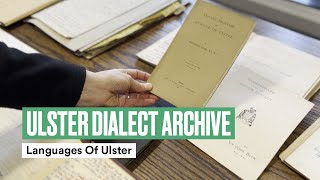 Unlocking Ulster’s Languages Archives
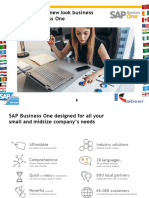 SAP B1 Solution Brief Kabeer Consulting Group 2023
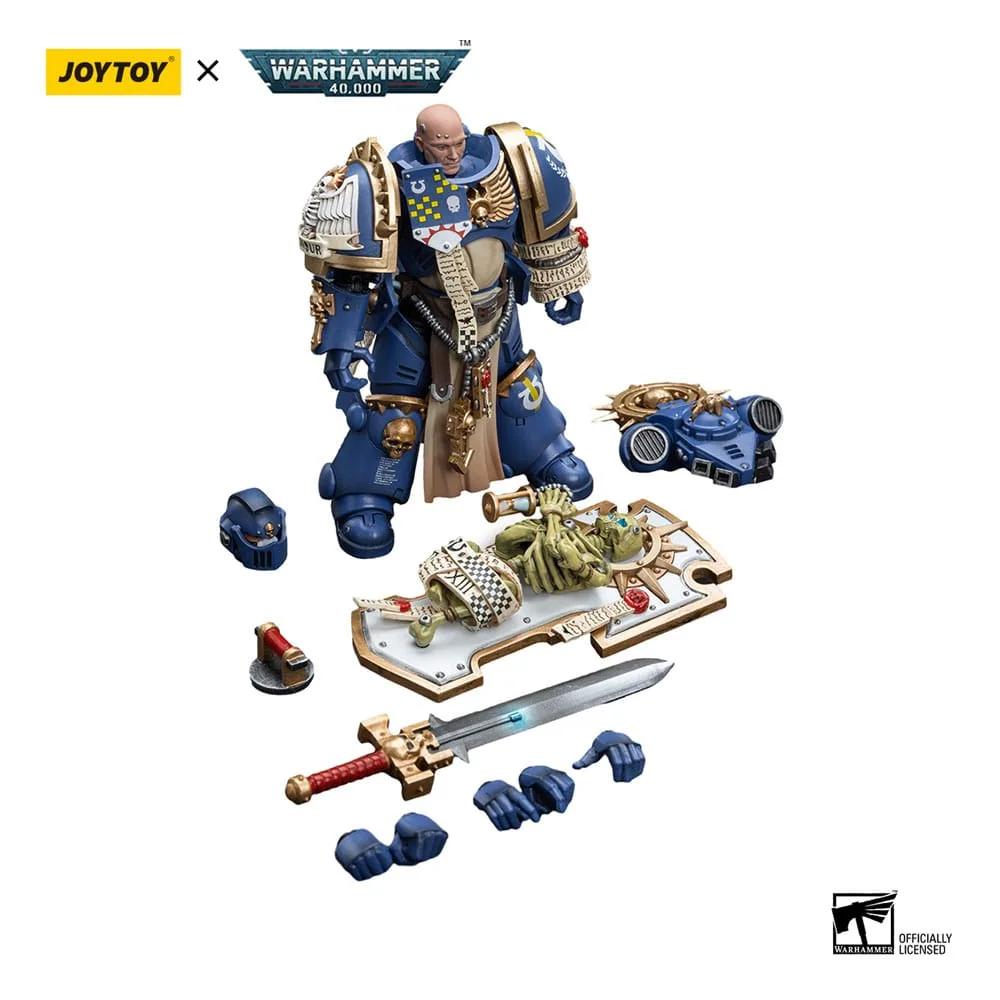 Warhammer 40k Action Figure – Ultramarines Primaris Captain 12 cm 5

WHAT YOU ARE ASKED TO DO: The expected answer is the whole listing above, copied exactly, with images excluded.

REPLY:
 Unlocking Ulster’s Languages Archives
 SAP B1 Solution Brief Kabeer Consulting Group 2023
 Warhammer 40k Action Figure – Ultramarines Primaris Captain 12 cm 5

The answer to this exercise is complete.